For more billing information, the following pages are available for you to read.

We want to make it as simple as possible for you to manage the costs of services. By discussing the expenses in advance with your doctor, your insurer and the hospital, you will be better able to manage and understand your medical bills.

Our Business Office will bill your primary insurance company, one secondary insurance company and any third-party insurance company. Even if Marshall bills your insurance, you remain responsible for payment for all care you receive. This may include care denied or not covered by your insurance, as well as your deductible and copayment amounts.

In addition to your hospital bill, you may receive separate bills from physicians involved in your care, such as your primary care physician, radiologist, emergency services physicians, surgeons, anesthesiologists, and other consulting physicians. Please contact these services directly with any billing questions.

No Surprises Act

Effective January 1, 2022, the No Surprises Act, which Congress passed as part of the Consolidated Appropriations Act of 2021, is designed to protect patients from surprise bills for emergency services at out-of-network facilities or for out-of-network providers at in-network facilities, holding them liable only for in-network cost-sharing amounts. The No Surprises Act also enables uninsured patients to receive a good faith estimate of the cost of care.

Billing Disclosures – Your Rights and Protections Against Surprise Medical Bills

When you get emergency care or get treated by an out-of-network provider at an in-network hospital or ambulatory surgical center, you are protected from surprise billing or balance billing.

What is “balance billing” (sometimes called “surprise billing”)?

When you see a doctor or other health care provider, you may owe certain out-of-pocket costs, such as a copayment, coinsurance, and/or a deductible. You may have other costs or have to pay the entire bill if you see a provider or visit a health care facility that isn’t in your health plan’s network.

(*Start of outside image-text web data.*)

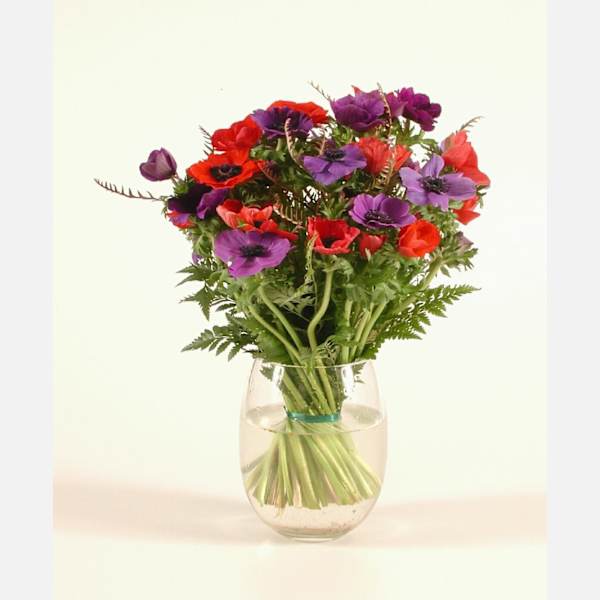 Anemone coronarias bouq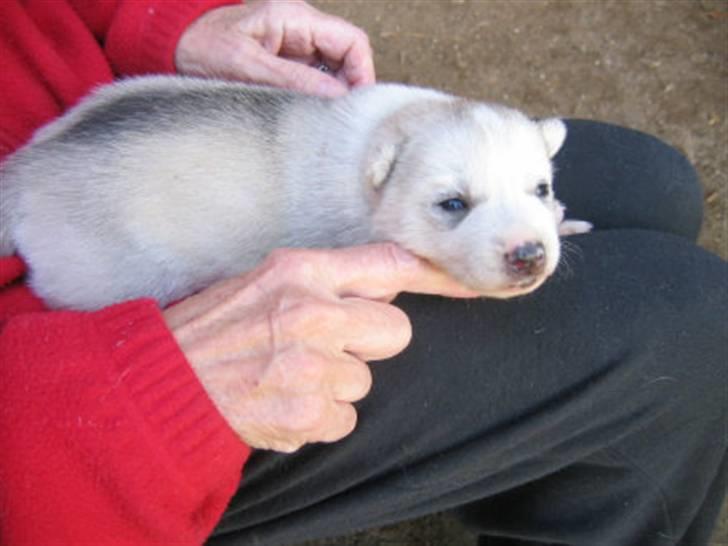 Siberian husky A´tebs Haltai of Winner billede 20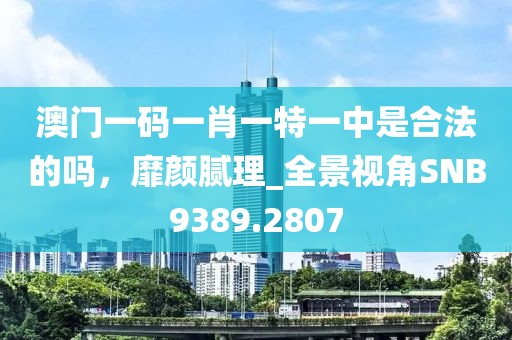 澳门一码一肖一特一中是合法的吗，靡颜腻理_全景视角SNB9389.2807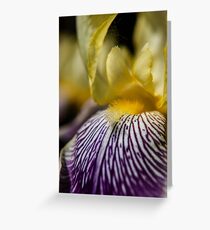 Goldener Zebra Iris Marco Grußkarte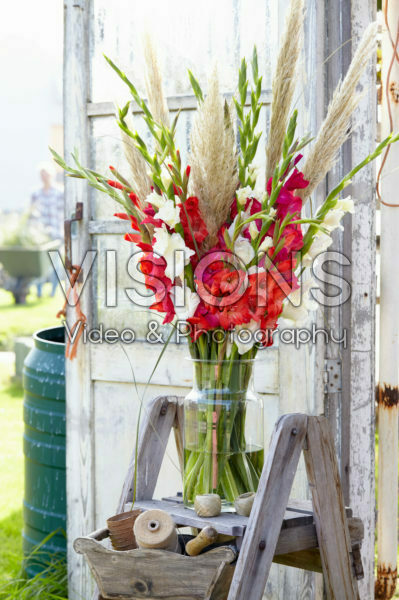 Gladiolus bouquet Gladiolus bouquet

“Out-of-network” describes providers and facilities that haven’t signed a contract with your health plan. Out-of-network providers may be permitted to bill you for the difference between what your plan agreed to pay and the full amount charged for a service. This is called “balance billing.” This amount is likely more than in-network costs for the same service and might not count toward your annual out-of-pocket limit.

“Surprise billing” is an unexpected balance bill. This can happen when you can’t control who is involved in your care–like when you have an emergency or when you schedule a visit at an in-network facility but are unexpectedly treated by an out-of-network provider.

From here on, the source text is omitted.